States vary widely in overall generosity and across all three dimensions. States have generally moved in the direction of having fewer enrollment rules and towards more generous eligibility levels even in states that did not expand Medicaid. However, states have remained largely unchanged in terms of covered benefits/copays. The most consistently generous states/localities between 2000-2016 across all categories were Washington DC, New Jersey and Connecticut while the consistently least generous were Texas, Utah and South Dakota. No state has adopted all of the possible policy reforms that would maximize eligibility levels, minimize administrative barriers to enrollment and provide all allowable benefits and eliminate copays. More liberal state ideology predicted higher Medicaid generosity, however poverty and race/ethnicity did not.
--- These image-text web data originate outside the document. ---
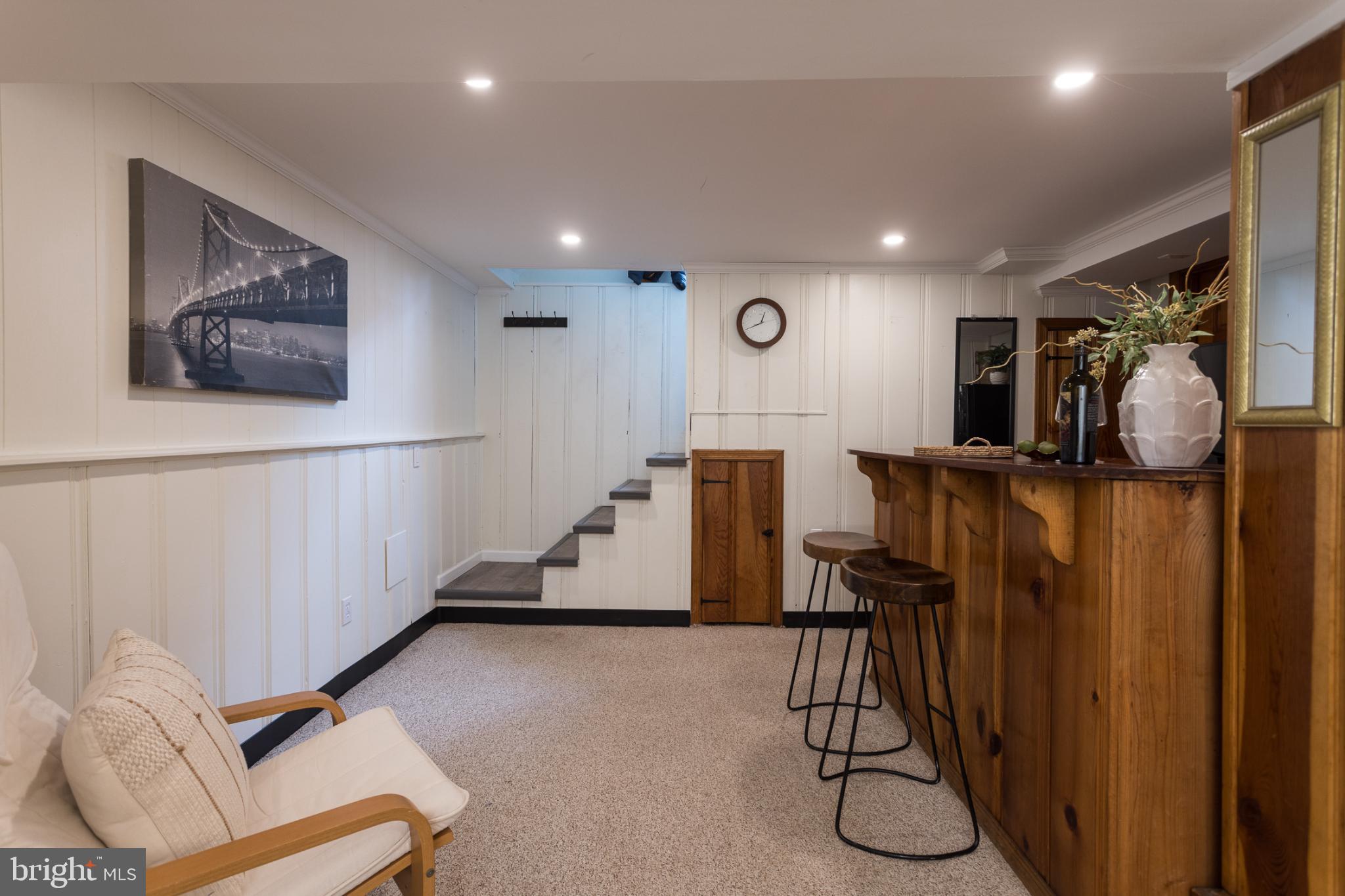 625 Dunkirk Road Baltimore, MD 21212 - Photo 30 of 39 Basement with a stylish bar. 3rd full BA not shown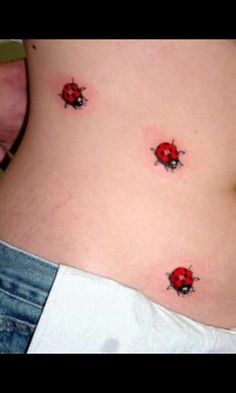 two ladybugs on the side of a woman's stomach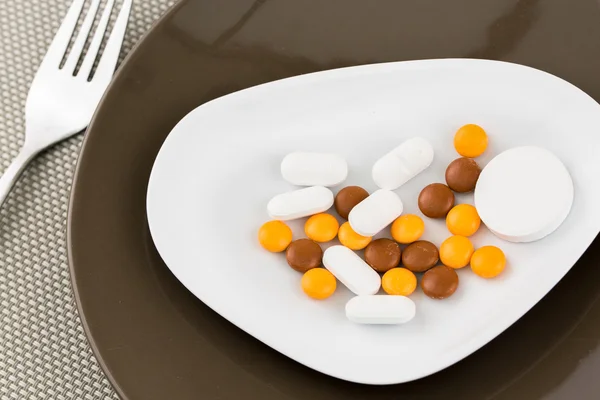 Closeup to a plate with pills with a fork to one side — Stock Photo, Image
States vary widely in their adoption of policies aimed at increasing enrollment and providing more generous coverage for participants. States that are most generous may not be the ones we expect and states vary in their generosity across different dimensions. While many researchers focus on the nature of changes in Medicaid occasioned by the Medicaid expansion, this study shows that there are a variety of other areas that states have the authority to reform to increase coverage and increase benefit levels.
Implications for Policy or Practice
Both states that have expanded Medicaid and those who have failed to do so have room to reform to their eligibility, enrollment and benefit levels to improve uptake and increase the generosity of their Medicaid programs.